There was a significant relationship between the patients’ gender and the caregivers’ QoL, such that the caregivers who cared for the female patients had higher QoL than those who cared for the male patients. No significant relationship was found between the QoL and age, which is in agreement with a study [27] and inconsistent with Wong et al., study [21]. There was no significant relationship between the duration of the patient’s illness and the caregiver’s QoL. In this study, the number of family members, the employment status and the illness diagnosis had no significant relationship with the caregivers’ QoL, which might be due to the low sample size or heterogeneity of the participants. Including the caregivers of patients with different mental disorders and identifying the factors related to the careqivers’ QoL was a strength of this study. However, further studies are recommended with larger sample size of the caregivers of patients with mental disorders.

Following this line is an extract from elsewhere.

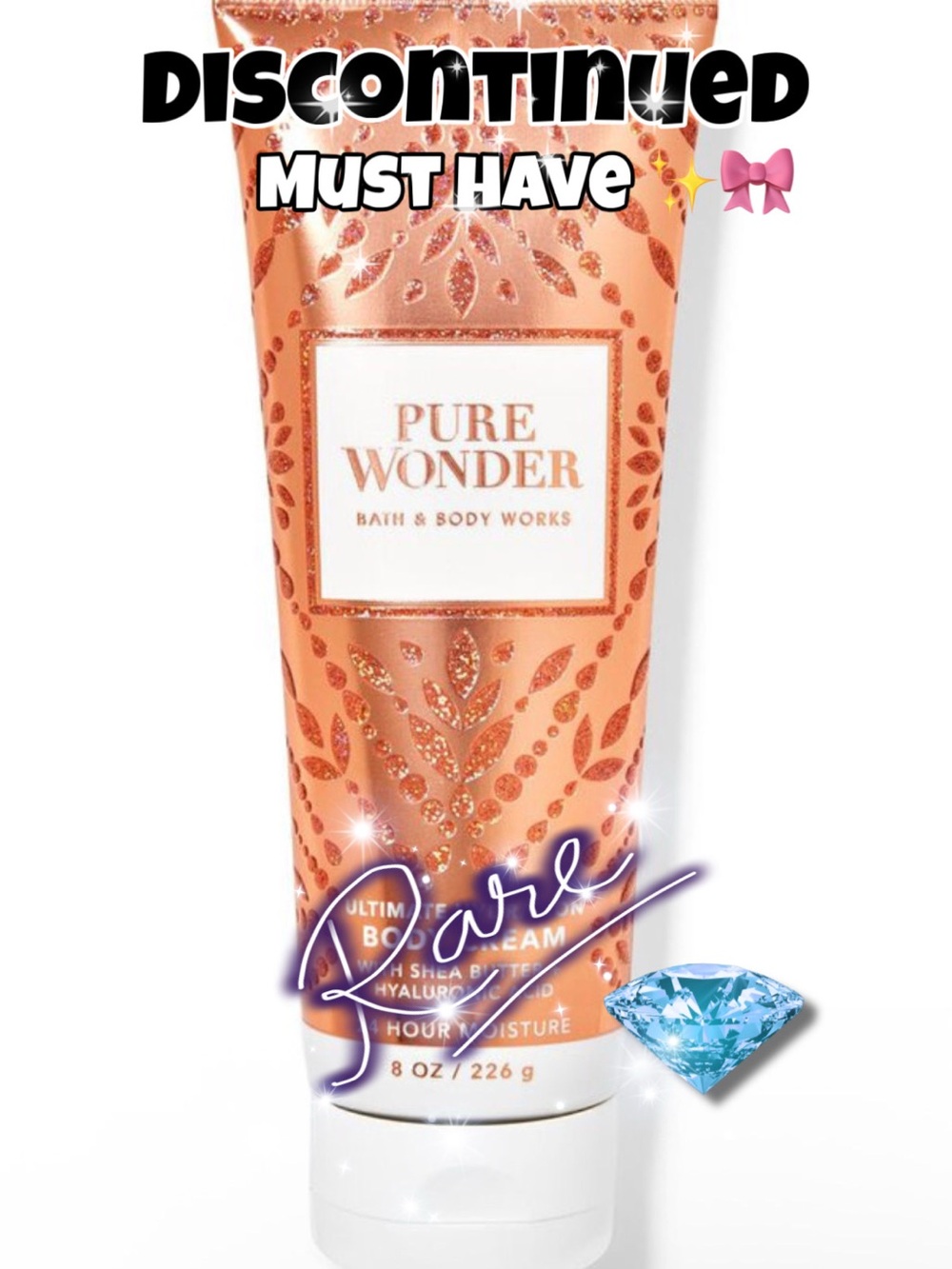 RARE DISCONTINUED Bath & Body works Pure Wonder 🖼️🎀🌄Body Cream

For example, interventional studies can be implemented to enhance the life skills to encounter psychosocial stressors and therefore prevent subsequent problems.
Limitation
A limitation of the present study was lack of considering cultural, economic and social differences among the caregivers, severity of the patients’ illness and emotional conditions of the caregivers during the study. The findings of this study may be affected by the patients’ data that were drawn from self-report questionnaires. Besides that, we had financial and time constraints to conduct this work.
Conclusion
According to the results of this study, it may be possible to obtain information about the factors influencing the QoL of the caregivers of patients with mental disorders. In this study, the QoL of these caregivers was obtained low. Therefore, it is important to develop suitable plans for improving their QoL at different subscales. Nurses can implement local and international changes to improve the caregivers’ QoL. Regular evaluation and screening of the caregivers’ QoL is necessary to identify the caregivers in need of support. Besides that, this helps to determine the needs of these patients’ families and to prevent adverse effects on other family members. Providing psychological counseling and educational programs seems essential for the patients’ families.
Conflict of Interest
The authors declared no potential conflict of interest regarding the research, authorship and/or publication of this article.
*Some participants did not fill out the questionnaires completely. Therefore, we have missing data.